Under certain convexity conditions, strong duality holds and the saddle-point solution coincides with the constrained optimum. For non-convex problems (such as training neural networks), strong duality may not hold, but the Lagrangian relaxation still provides a useful algorithmic framework.

Convergence and feasibility guarantees

The exponentiated gradient method of Agarwal et al. (2018) provides the following guarantee: after T iterations, the algorithm returns a randomized classifier whose expected loss is at most OPT + O(1/sqrt(T)) and whose constraint violation is at most O(1/sqrt(T)), where OPT is the optimal loss among all feasible classifiers. These are finite-sample bounds that hold for a fixed dataset.

The proxy-Lagrangian method of Cotter et al. (2019) achieves similar convergence rates for non-convex, non-differentiable constraints, at the cost of requiring smooth proxy constraints.

Fairness constraints in gradient boosting

Gradient boosted decision trees (GBDT) are widely used in high-stakes applications like credit scoring and fraud detection.

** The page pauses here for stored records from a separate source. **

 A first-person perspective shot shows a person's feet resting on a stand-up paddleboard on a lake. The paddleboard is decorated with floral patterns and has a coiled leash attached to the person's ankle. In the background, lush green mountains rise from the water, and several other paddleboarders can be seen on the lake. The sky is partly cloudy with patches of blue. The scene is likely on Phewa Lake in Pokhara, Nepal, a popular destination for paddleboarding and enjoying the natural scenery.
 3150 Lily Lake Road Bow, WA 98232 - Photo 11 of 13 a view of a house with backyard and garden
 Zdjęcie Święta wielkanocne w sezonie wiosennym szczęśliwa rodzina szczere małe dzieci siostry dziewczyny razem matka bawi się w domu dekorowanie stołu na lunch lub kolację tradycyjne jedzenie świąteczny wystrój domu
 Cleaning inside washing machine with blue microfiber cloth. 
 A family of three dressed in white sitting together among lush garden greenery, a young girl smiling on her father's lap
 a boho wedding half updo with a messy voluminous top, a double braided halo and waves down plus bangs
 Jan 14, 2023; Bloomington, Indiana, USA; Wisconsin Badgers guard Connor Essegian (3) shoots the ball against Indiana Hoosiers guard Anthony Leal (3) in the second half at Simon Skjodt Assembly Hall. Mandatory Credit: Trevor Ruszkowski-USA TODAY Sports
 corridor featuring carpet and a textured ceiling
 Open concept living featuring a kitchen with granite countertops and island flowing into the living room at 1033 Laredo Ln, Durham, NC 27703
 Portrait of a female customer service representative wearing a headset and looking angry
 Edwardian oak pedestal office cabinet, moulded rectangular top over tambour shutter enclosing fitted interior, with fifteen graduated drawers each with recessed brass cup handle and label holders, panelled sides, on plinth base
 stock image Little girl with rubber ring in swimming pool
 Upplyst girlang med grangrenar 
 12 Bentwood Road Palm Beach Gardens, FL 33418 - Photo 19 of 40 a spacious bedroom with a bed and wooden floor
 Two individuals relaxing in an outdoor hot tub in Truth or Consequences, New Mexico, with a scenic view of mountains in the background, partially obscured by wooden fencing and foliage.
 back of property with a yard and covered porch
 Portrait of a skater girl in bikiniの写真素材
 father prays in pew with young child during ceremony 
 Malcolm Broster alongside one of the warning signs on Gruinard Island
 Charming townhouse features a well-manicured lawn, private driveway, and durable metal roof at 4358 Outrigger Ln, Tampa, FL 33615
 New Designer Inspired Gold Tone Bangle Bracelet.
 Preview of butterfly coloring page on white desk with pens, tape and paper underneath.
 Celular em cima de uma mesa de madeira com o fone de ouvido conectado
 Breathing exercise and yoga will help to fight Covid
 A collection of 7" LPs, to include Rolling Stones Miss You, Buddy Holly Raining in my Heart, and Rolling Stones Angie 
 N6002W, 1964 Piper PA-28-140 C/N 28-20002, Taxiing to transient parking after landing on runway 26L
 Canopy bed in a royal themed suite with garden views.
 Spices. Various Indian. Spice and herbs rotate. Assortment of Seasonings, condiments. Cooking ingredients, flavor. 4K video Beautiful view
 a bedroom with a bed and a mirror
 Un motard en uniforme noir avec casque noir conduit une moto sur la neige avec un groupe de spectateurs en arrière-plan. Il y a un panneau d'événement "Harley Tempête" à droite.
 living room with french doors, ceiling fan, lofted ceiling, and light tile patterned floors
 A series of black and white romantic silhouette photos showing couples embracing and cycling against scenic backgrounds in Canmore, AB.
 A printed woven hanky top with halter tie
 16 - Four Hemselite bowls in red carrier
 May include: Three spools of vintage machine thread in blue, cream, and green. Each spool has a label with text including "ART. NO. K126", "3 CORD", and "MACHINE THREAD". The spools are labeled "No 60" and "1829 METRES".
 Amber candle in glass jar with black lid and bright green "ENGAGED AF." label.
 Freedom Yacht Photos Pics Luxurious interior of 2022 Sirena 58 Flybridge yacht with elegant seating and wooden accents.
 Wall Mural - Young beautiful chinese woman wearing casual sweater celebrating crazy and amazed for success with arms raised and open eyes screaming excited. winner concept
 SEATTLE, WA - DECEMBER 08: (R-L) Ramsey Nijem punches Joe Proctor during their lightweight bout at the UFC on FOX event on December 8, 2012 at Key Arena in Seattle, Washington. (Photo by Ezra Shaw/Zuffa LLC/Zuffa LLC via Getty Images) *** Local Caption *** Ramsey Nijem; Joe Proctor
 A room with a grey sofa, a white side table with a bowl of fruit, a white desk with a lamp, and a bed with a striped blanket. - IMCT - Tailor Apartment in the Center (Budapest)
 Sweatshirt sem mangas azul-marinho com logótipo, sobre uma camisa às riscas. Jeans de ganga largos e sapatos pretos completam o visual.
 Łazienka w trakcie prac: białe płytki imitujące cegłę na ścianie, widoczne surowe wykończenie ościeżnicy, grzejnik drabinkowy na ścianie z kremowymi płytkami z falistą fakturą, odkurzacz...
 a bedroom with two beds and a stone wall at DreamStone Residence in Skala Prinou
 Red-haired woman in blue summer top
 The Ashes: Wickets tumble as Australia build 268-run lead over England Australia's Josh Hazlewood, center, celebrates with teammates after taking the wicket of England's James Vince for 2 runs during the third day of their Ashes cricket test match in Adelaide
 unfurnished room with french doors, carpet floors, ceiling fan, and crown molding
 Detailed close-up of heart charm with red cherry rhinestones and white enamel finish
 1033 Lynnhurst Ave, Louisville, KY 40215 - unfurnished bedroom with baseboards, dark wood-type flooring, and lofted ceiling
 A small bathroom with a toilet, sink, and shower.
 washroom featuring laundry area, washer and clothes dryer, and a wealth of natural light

Standard GBDT implementations (XGBoost, LightGBM, CatBoost) do not natively support fairness constraints. Several methods have been proposed to fill this gap.

FairGBM. Cruz, Belem, Jesus, Bravo, Saleiro, and Bizarro (2023) developed FairGBM, a framework for training gradient boosted trees with fairness constraints. FairGBM uses smooth convex proxies for non-differentiable fairness metrics and optimizes them using a dual ascent (proxy-Lagrangian) procedure. The method is implemented on top of LightGBM and supports demographic parity, equalized odds, and equality of opportunity. Experiments show that FairGBM achieves comparable predictive performance to unconstrained GBDT while satisfying fairness constraints, with training times that are an order of magnitude faster than alternative fair ML methods.

Fair regularization for GBDT. An alternative approach adds fairness-aware regularization terms to the GBDT objective function, penalizing splits that increase group disparity. This is conceptually simpler but provides weaker control over the fairness-accuracy trade-off.

Software toolkits

Several open-source libraries implement fairness constraint methods. The table below compares the major toolkits.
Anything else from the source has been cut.